Records from a collection

····················

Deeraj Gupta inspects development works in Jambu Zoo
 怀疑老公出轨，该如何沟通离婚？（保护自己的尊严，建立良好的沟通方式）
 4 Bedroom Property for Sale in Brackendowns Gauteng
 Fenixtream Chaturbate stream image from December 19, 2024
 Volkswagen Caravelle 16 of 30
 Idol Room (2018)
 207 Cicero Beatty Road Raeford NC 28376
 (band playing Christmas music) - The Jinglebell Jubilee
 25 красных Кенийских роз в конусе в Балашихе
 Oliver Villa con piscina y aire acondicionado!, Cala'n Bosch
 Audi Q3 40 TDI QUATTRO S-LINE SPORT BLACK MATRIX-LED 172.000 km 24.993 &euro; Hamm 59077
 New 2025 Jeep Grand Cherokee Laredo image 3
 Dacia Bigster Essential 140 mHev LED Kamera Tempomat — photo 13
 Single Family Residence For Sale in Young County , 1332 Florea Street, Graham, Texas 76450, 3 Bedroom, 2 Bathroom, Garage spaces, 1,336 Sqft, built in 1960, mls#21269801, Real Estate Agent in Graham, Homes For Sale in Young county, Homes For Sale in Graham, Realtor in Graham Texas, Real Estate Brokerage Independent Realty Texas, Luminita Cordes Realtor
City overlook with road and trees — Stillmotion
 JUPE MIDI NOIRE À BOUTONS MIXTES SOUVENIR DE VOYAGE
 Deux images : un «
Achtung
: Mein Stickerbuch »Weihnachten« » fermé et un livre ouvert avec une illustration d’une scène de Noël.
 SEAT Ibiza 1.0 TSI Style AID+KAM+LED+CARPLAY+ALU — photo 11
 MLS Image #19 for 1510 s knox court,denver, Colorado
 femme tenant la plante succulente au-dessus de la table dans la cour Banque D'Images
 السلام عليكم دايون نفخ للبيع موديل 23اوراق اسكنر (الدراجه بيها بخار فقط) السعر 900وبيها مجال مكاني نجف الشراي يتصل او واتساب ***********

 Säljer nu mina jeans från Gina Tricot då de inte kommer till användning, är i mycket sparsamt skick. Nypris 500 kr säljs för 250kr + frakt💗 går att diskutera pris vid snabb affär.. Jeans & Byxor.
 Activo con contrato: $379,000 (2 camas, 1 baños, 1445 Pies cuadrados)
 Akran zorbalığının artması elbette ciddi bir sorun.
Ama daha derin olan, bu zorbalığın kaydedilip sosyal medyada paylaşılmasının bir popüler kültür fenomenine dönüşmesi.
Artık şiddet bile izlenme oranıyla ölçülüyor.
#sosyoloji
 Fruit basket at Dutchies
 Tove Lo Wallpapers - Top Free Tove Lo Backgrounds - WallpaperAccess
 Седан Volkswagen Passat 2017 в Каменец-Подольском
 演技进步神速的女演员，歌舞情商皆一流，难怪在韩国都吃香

····················

TASK ITEM: In the records above, how many lines hold the string "Volkswagen"? Only the number should be given.

RESULT FOR THIS EXERCISE: 2